[thefixedstars] Flu Epidemic - Black Death
- Hello Fixed Stars,
In the book "The Great Mortality, an Intimate History of The Black Death" by
John Kelly, 2005,
the following dates are given for the outbreak of Plague in Europe :
Constantinople. The Plague arrived sometime in the Spring or
early Summer 1347.
Messina, Sicily, in October 1347, at about the beginning of the month...
(other evidence suggests in late September) "a fleet of Genoese galleys put
into the port of Messina." It is not certain where they came from : "Caffa,
another Black Sea port, Constantinople, Romania, or somewhere closer" ...
already striken by the Plague. "The Black Death had arrived in Europe. It
is possible that the pestilence slipped into another European port a few
days or weeks earlier, but Messina and Sicily are where the plague enters
the historical record in Europe."
In 1345, in the Italian peninsula it rained torrentially for six months,
producing famine on an epic scale.
"In 1346 and 1347 there was a severe shortage of basic foods ... to the
point where many people died of hunger and people ate grass and weeds as if
they had been wheat."
"In Florence the terrible Plague Spring of 1348 was preceded by the terrible
famine spring of 1347. In April of that year much of Florence was surviving
on a municipal bread ration. As if sensing the approaching horror, the
Italian earth also began to tremble. Major earthquakes rocked Rome, Venice,
Pisa, Bologna, Naples, Padua, and Venice.

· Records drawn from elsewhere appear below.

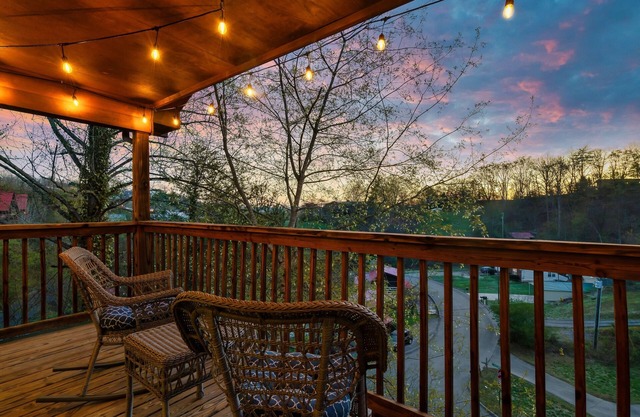 Luxury Retreat w/Hot Tub, Arcade, Huge Rec Room & Prime Location
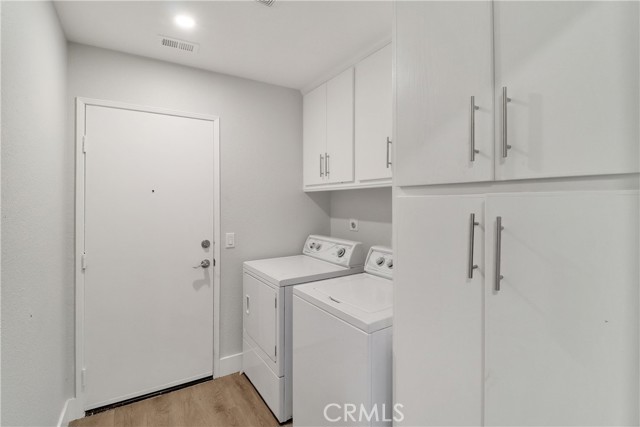 Detail Gallery Image 8 of 50 For 21540 Calle Monaco, Moreno Valley,  CA 92557 - 4 Beds | 3 Baths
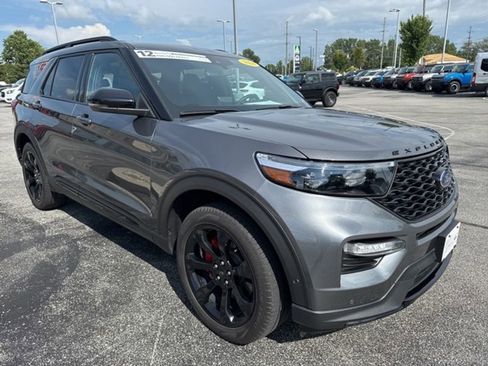 Used 2024 Ford Explorer ST w/ Equipment Group 401A image 4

"Contemporary accounts say that Genoa was infected on December 31st 1347,
but a reconstruction of the timeline suggests that Y. pestis made a first
run at the city eight to ten weeks earlier." (Late October 1347).
Marseille, November 1347 "Marseille's lat day of normalcy was November 1st -
All Saints' Day."
Avignon, January 1348
Venice, January 1348. On June 10th, the death rate approaching six hundred a
Central Italy, Late Winter - Early Spring 1348
Rome, August 1348
Paris, June 1348
" In the new medical schools like the University of Paris, students also
learned that earthquakes, unburied corpses, decaying corps, stagnant water,
poor ventilation, and even poisons could infect the air; but in the case of
epidemics, which affected hundreds of thousands of people in widely
separated places, infection was thought to result from a global disturbance,
like an unvaborable planetary alignment. The movement of the Moon clearly
controlled tides; ergo, reasoned medieval (and ancient) man, air quality
must also be affected by planetary movements and cycles."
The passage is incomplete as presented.